Cette conférence pouvait avoir des allures de mariage des contraires. Car qu’est-ce qui peut bien lier le PJD, un parti qui tire sa popularité de la religion, aux Forces citoyennes qui défendent le libéralisme et dont les électeurs naturels sont en grande partie francophones et proches des milieux d’économie ? «Je ne vois pas ce qu’il peut y avoir de curieux dans le fait que le PJD et les Forces citoyennes organisent une conférence», répond Saâd Eddine Othmani. Et même quand on insiste un peu, en détaillant les idéologies distinctes des deux formations, le secrétaire général du PJD n’en démord pas : «Nous ne sommes pas d’accord avec eux sur tout, mais il existe de nombreux points communs entre les deux partis».
La réponse du président du parti des Forces citoyennes est également surprenante : «Oui, nous avons des affinités avec le PJD dans certains domaines», affirme Abderrahim Lahjouji. Lesquels? «L’éthique par exemple !» Les deux chefs de partis ont parlé d’une même voix.

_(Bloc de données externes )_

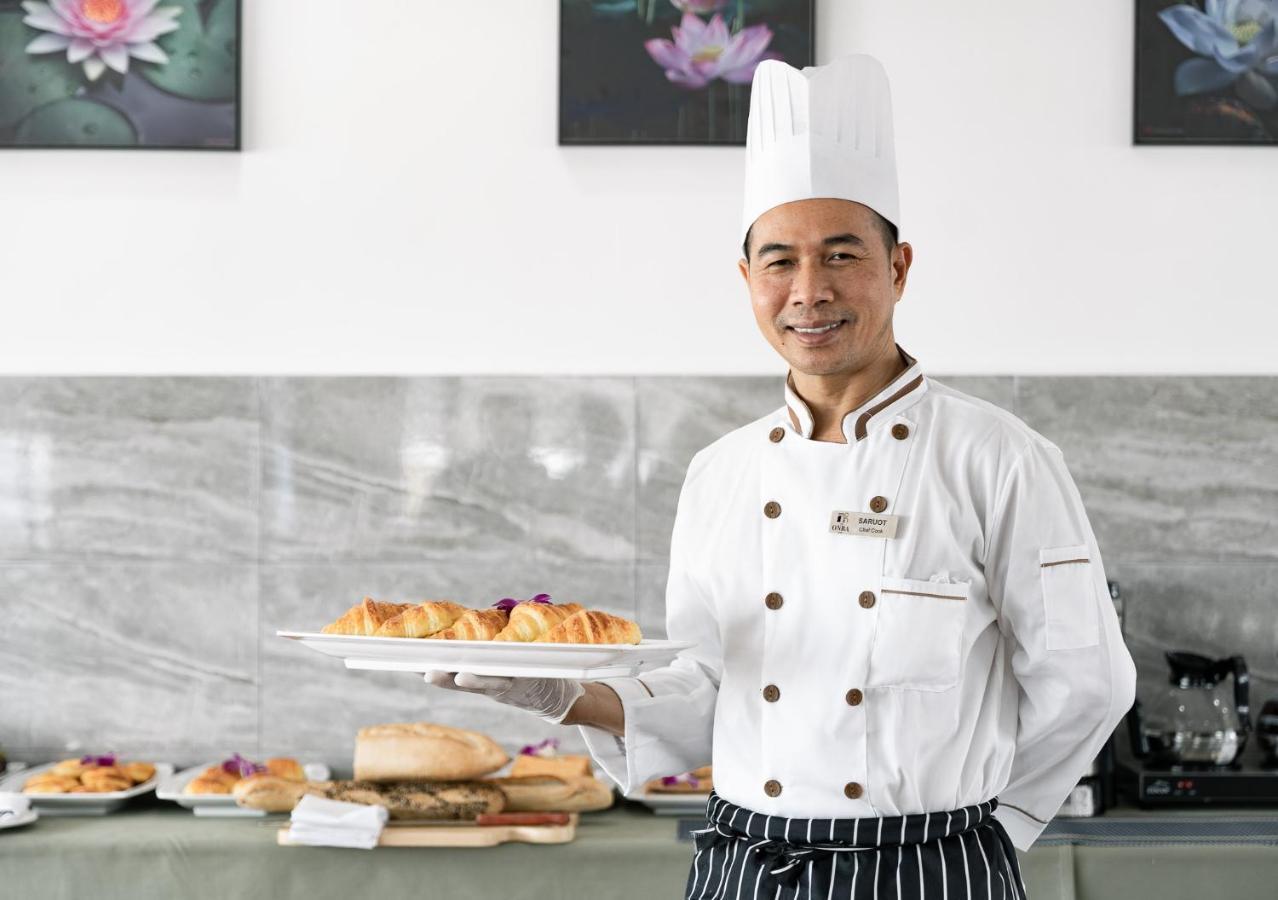 The Onra Hotel Phnom Penh Zewnętrze zdjęcie
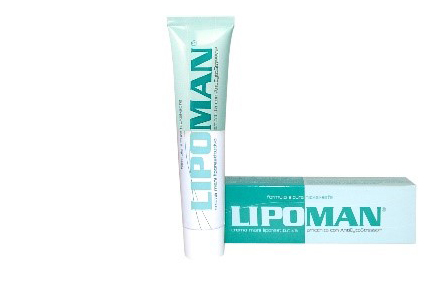 LIPOMAN CREMA MANI 40 ML - Newepa Srl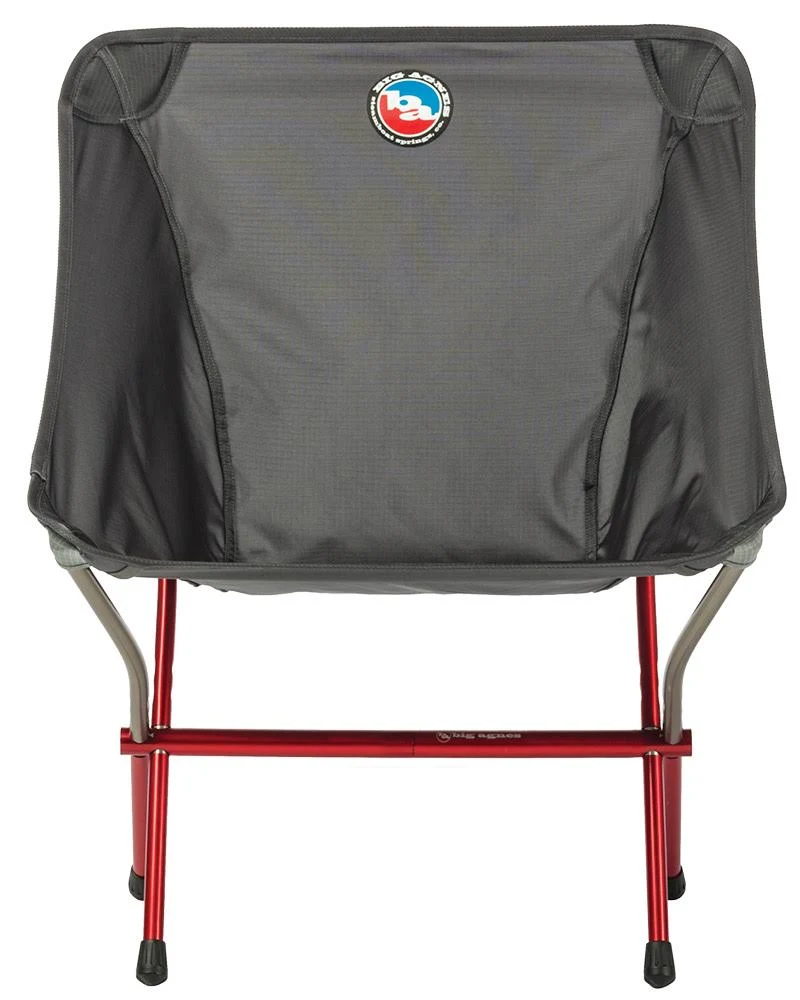 Big Agnes Mica Basin Camp Chair - Elevation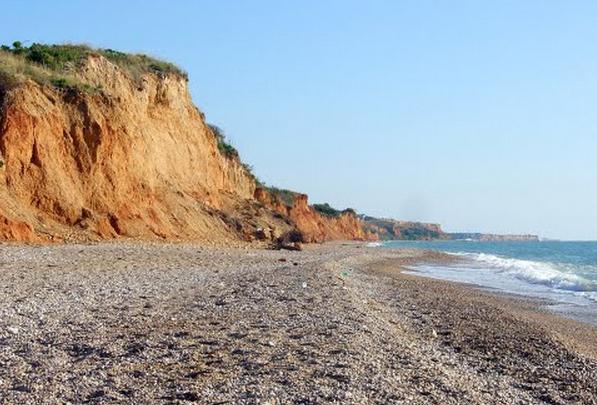 Andiamo in vacanza: il villaggio di Lyubimovka, Sebastopoli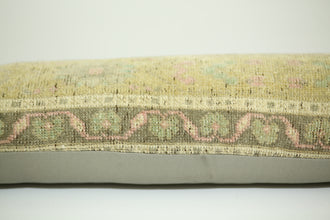 Turkish Rug Pattern Kilim Pillow 12-36 inch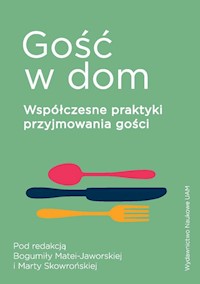 Gość w dom -  - książka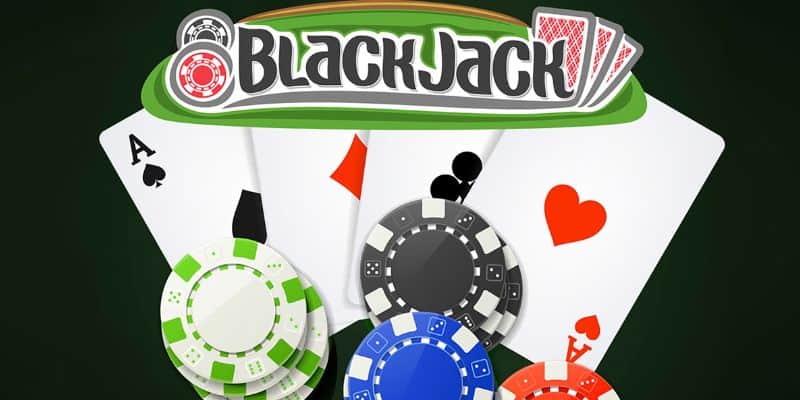 Blackjack tại sòng bài bạc trực tuyến 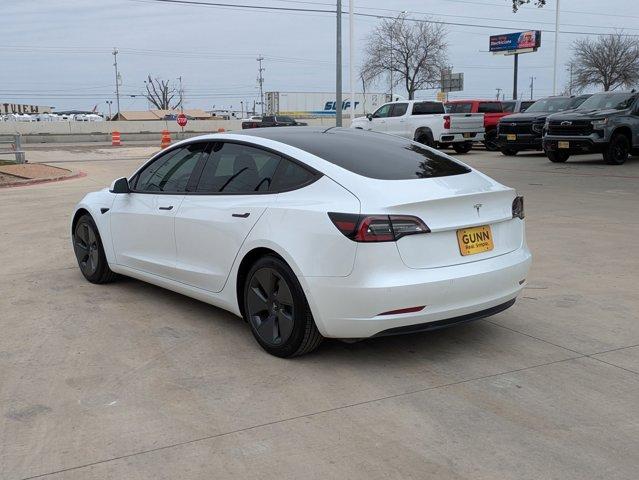 2021 Tesla Model 3 Vehicle Photo in SELMA, TX 78154-1460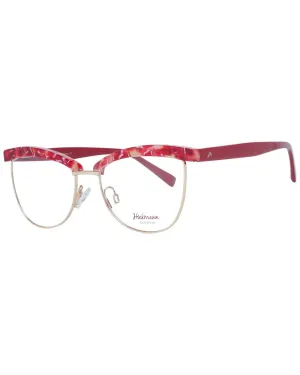 Ana Hickmann Cateye Eyeglasses AN1045308 Red
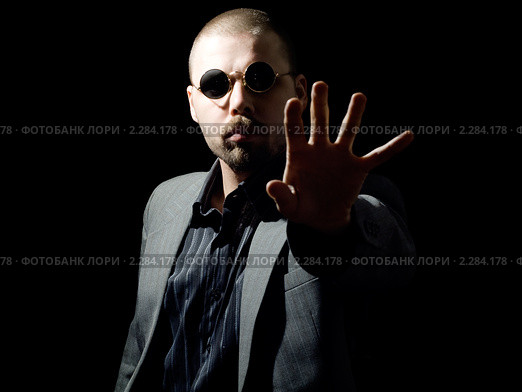 Гипнотизер. Стоковое фото, фотограф Алексей Яговкин / Фотобанк Лори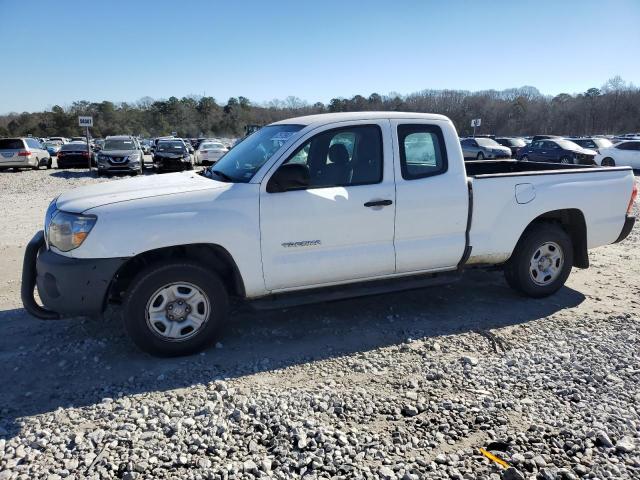 5TETX22N48Z540363 - 2008 TOYOTA TACOMA ACCESS CAB Ақ фото 1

Ils ont été ensuite relayés par les experts et cadres de leurs formations respectives.
Ces derniers sont intervenus sur le thème de la journée avec des éclairages intéressants. Et chose inaccoutumée : les cadres du PJD se sont exprimés en français. Certains d’entre eux ont même fait montre de leur capacité à passer, avec aisance, d’une langue à l’autre. Ils ont dû toutefois avoir quelques regrets sur la durée des interventions.
A ce sujet, le programme de la journée a été comprimé. Au préalable, il devait s’étendre du matin jusqu’au soir «mais certains invités des Forces citoyennes n’ont pas voulu sacrifier leur samedi après-midi», explique un député du PJD. Cette pression du temps s’est traduite par des interventions non-stop – hormis une petite pause – du matin jusqu’à 14 heures. Un député PJD a chatouillé un autre en lui rappelant que la pause de la prière du dohr ne figurait pas au programme de la journée d’étude.

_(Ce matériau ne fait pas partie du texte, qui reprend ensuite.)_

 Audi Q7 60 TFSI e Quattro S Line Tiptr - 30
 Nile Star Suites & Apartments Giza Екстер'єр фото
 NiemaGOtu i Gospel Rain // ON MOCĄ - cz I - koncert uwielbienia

«Nous sommes en voyage», a répondu le pijidiste interpellé. Et ce n’est que la moindre des concessions surprenantes relatives à l’absence de la religion dans les débats de cette journée. Dans le communiqué final, signé conjointement par Saâd Eddine Othmani et Abderrahim Lahjouji, aucune référence n’est faite à l’identité fondatrice du PJD. Le mot “islam“ n’est pas cité une seule fois. Les deux partis affirment que «l’ouverture économique est une composante du processus historique et social au Maroc, pays qui se trouve à la croisée de trois continents». Ils déplorent le manque d’études préliminaires sur l’impact de cet accord sur l’économie marocaine, regrettent le manque de vision qui l’a accompagné, mais encouragent «l’initiative privée, la créativité et le renforcement du tissu économique national». Ils encouragent aussi toute initiative visant à «l’intégration progressive dans l’économie mondiale». A l’issue de cette journée, il était clair que le PJD soignait son image de marque. Il emboîte le pas à l’autre PJD de la Turquie, en montrant à tous qu’il est un parti ouvert, capable de prendre part aux grands dossiers économiques et politiques du pays. Il a des hommes pour parler de sujets pointus. Ces hommes fascinent ! Saâd Eddine Al Othmani s’est laissé courtiser tout au long de cette journée. La fascination qu’il exerçait sur les chefs d’entreprises, sur d’éminents membres de la CGEM était manifeste.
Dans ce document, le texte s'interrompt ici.